Cuit_au_Four, Oct 25 2013

       Tritium is not exactly inexpensive. And both heavy isotopes of hydrogen exhibit anomalous effects when absorbed at significant levels by organisms. Deuterium oxide exhibits surprising toxicity in higher life-forms. <link>   

       // Chernobyl, Fukushima and Kidderminster //   

       Fukushima's not that bad, radiation-wise …
8th of 7, Oct 25 2013

       // Tritium is not exactly inexpensive.   

       Perhaps under normal market conditions, although I hear Japan has a surplus at the moment.
Cuit_au_Four, Oct 25 2013

       So after receiving its first drink of tritium, this plant would start to glow.   

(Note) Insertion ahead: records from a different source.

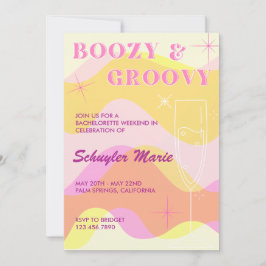 Boozy y Groovy Bachelorette Party Invitación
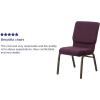 Flash Furniture HERCULES Series 18.5”W Stacking Church Chair in Black Patterned Fabric – Silver Vein Frame, 25″D x 19.25″W x 33.25″H(Plum Fabric/Gold Vein Frame)
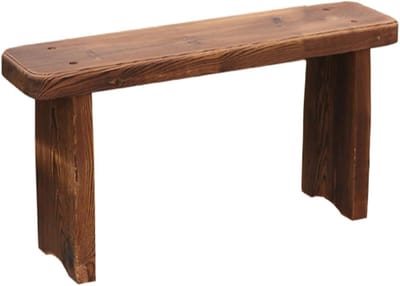 Houten Tuinbank - Buitenstoel - Terras Decoratie - Weerbestendig Ontwerp - 60 cm - Houtkleur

       Presumably this wouldn't happen all at once, like a light switch, but rather the individual plant cells would start to glow one at a time as the tritium reached them.   

       A time-lapse video of this happening could (a) offer interesting insights into the transport of water through plants, and perhaps more importantly (b) look really cool.   

Wrongfellow, Oct 26 2013

       Cool, new boutonnieres for nuclear lab.
wjt, Oct 26 2013

       /// Tritium is not exactly inexpensive.   

       Perhaps under normal market conditions, although I hear Japan has a surplus at the moment   

       Hardly anything seems to be glowing in the dark right now.   

       But by importing coolies with a sufficient number of coffee filter papers all those exciting elements can be harvested. Kind of East India Company II.